Daß ſich nach und nach eine gegenſeitige Anhänglichkeit zwiſchen beiden ausbildet, läßt ſich
erklären, da wir ja auch anderweitige Belege für den Verſtand der Fiſche haben, und ähnliche Freund-
ſchaftsverhältniſſe unter höheren Thieren durchaus verſchiedener Art keineswegs ſelten ſind.
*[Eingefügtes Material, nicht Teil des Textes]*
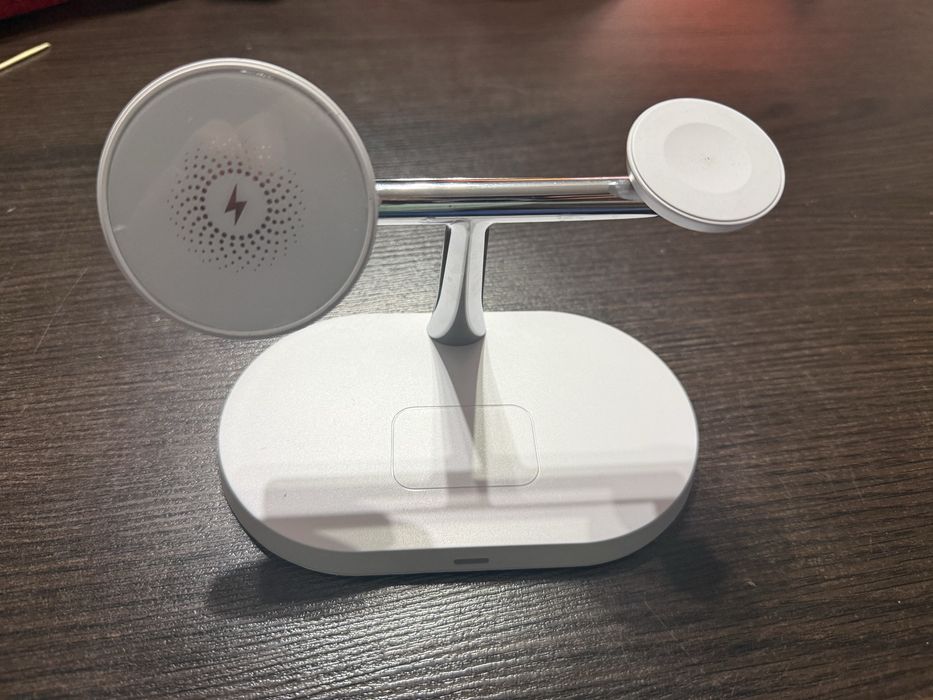 Stacja ladujaca magsafe iphone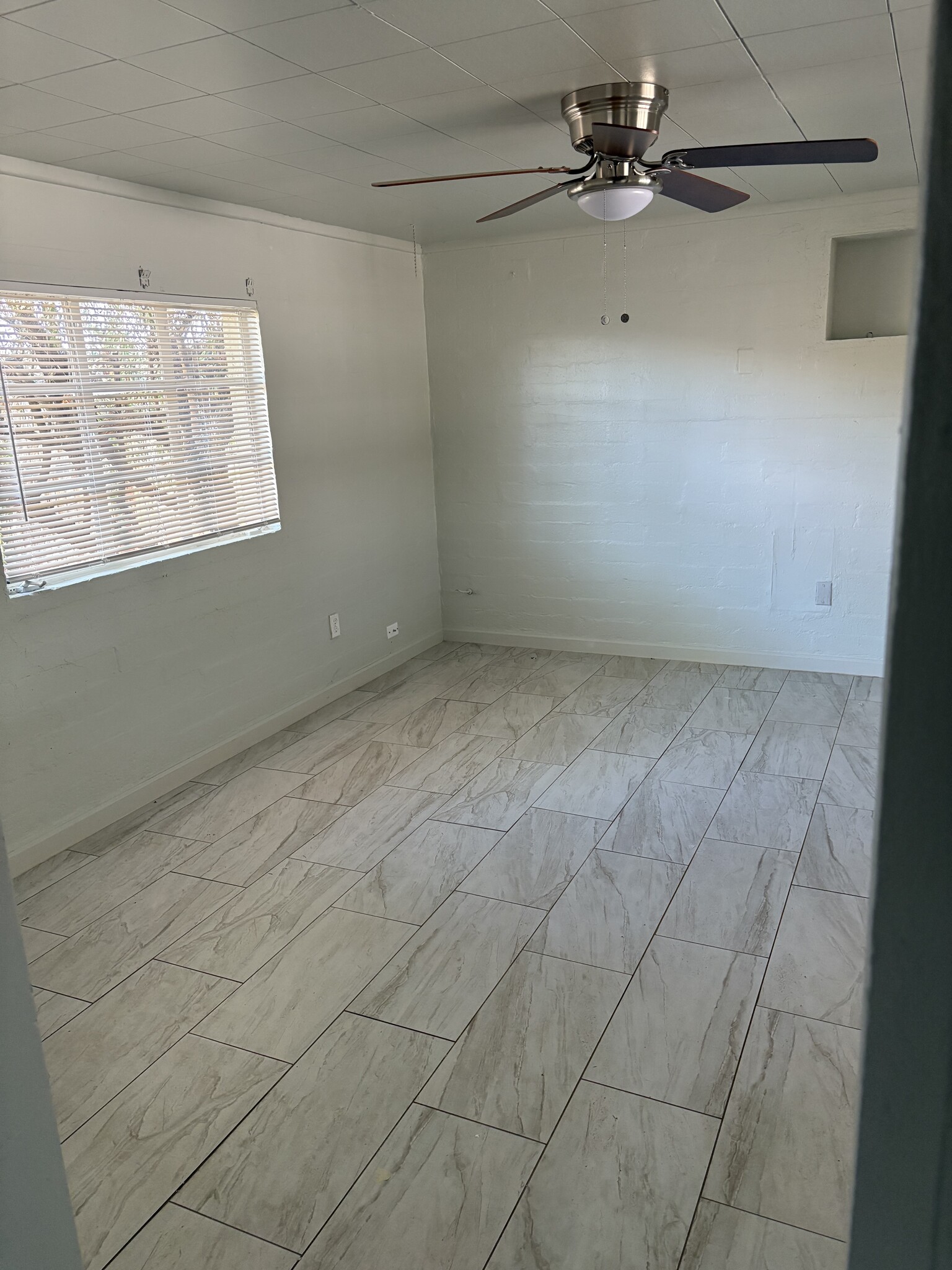 Building Photo - 250 S Grand Dr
Die
Gewohnheit trägt unzweifelhaft auch das Jhrige zur Befeſtigung des Freundſchaftsbundes bei; denn,
wie ſchon bemerkt, faſt ebenſo treu als dem Haifiſche folgt der Lotſe auch Schiffen und wahrſcheinlich
keineswegs blos dann, wenn er ſeinen Hai verloren hatte, ſondern, um mit unſerem Geßner zu
reden, „aus ſonderbarer Anmuthung“, vielleicht aus demſelben Grunde wie der Hai: in der Hoffnung,
vom Bord aus gefüttert zu werden. Jn den nördlichen Meeren kommt unſer Lotſenfiſch ſtändig nicht
vor — er lebt in dem Mittelmeer und in den ſüdlich von ihm gelegenen Theilen des atlantiſchen
Weltmeeres —; wiederholt aber hat er ſich verleiten laſſen, den Schiffen bis in den Kanal zu folgen.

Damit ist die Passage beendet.